§ PROBLEM DESCRIPTION
Restate word for word the lines below, from the one containing "Safari-Zelt mit Holzterrasse" through the final line, with no pictures included.

Short web captions
------------------------

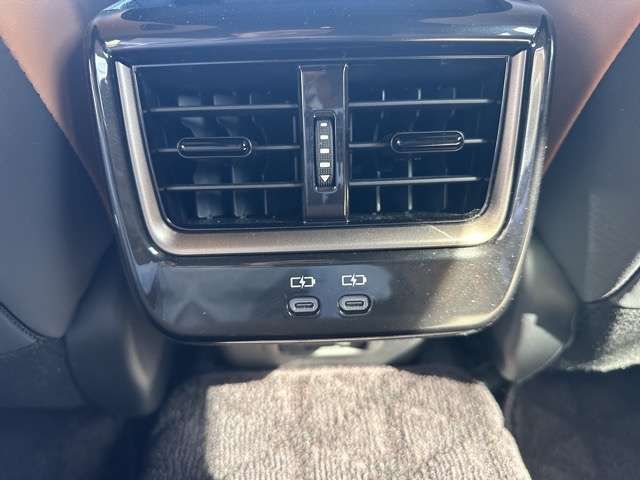 TOYOTA CROWN SPORT 2024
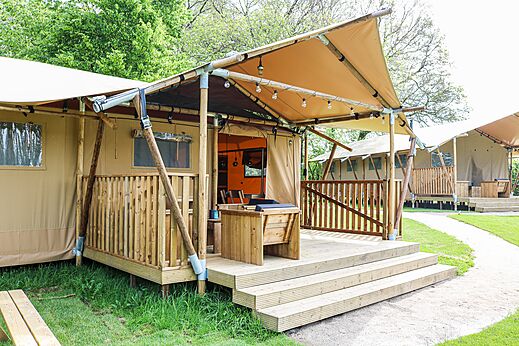 Safari-Zelt mit Holzterrasse auf dem Campingplatz CAPFUN het Winkel in Winterswijk.
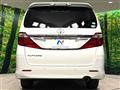 2013 Toyota Alphard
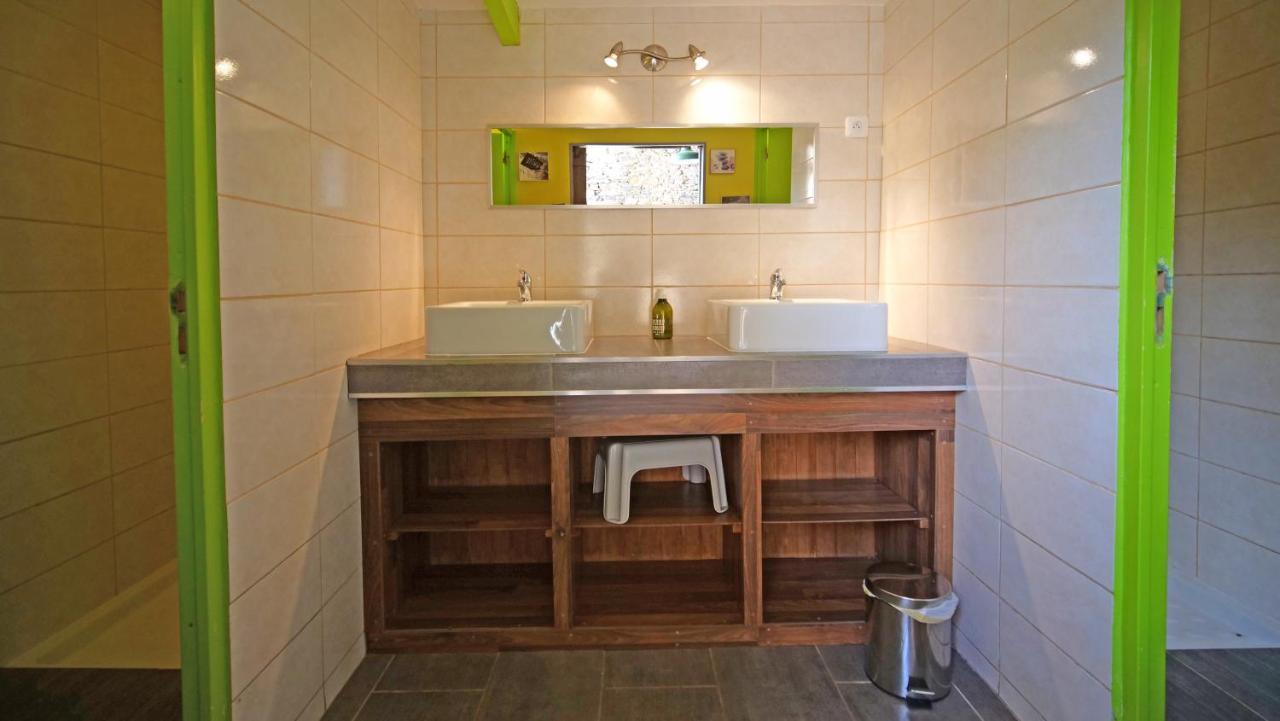 Saint-Florent-des-Bois Aux Yourtes De La Fabrique מראה חיצוני תמונה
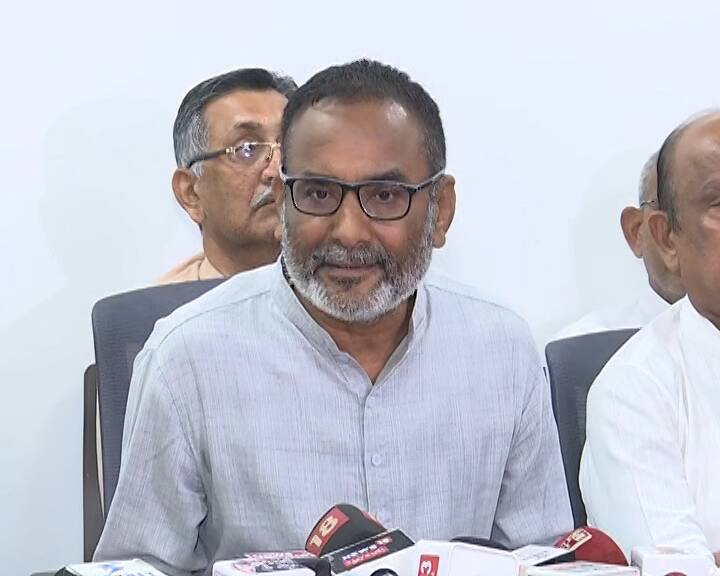 Coordination committee of Rajput organizations met at Ahmedabad to defeat BJP ગમે ત્યારે ગામમાં જઈને અમારા યુવાનોને પકડતા નહીં, શાંતિ ડહોળવાનો પ્રયાસ ના કરશોઃ કરણસિંહ ચાવડા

------------------------

§ ANSWER SECTION
 Safari-Zelt mit Holzterrasse auf dem Campingplatz CAPFUN het Winkel in Winterswijk.
 2013 Toyota Alphard
 Saint-Florent-des-Bois Aux Yourtes De La Fabrique מראה חיצוני תמונה
 Coordination committee of Rajput organizations met at Ahmedabad to defeat BJP ગમે ત્યારે ગામમાં જઈને અમારા યુવાનોને પકડતા નહીં, શાંતિ ડહોળવાનો પ્રયાસ ના કરશોઃ કરણસિંહ ચાવડા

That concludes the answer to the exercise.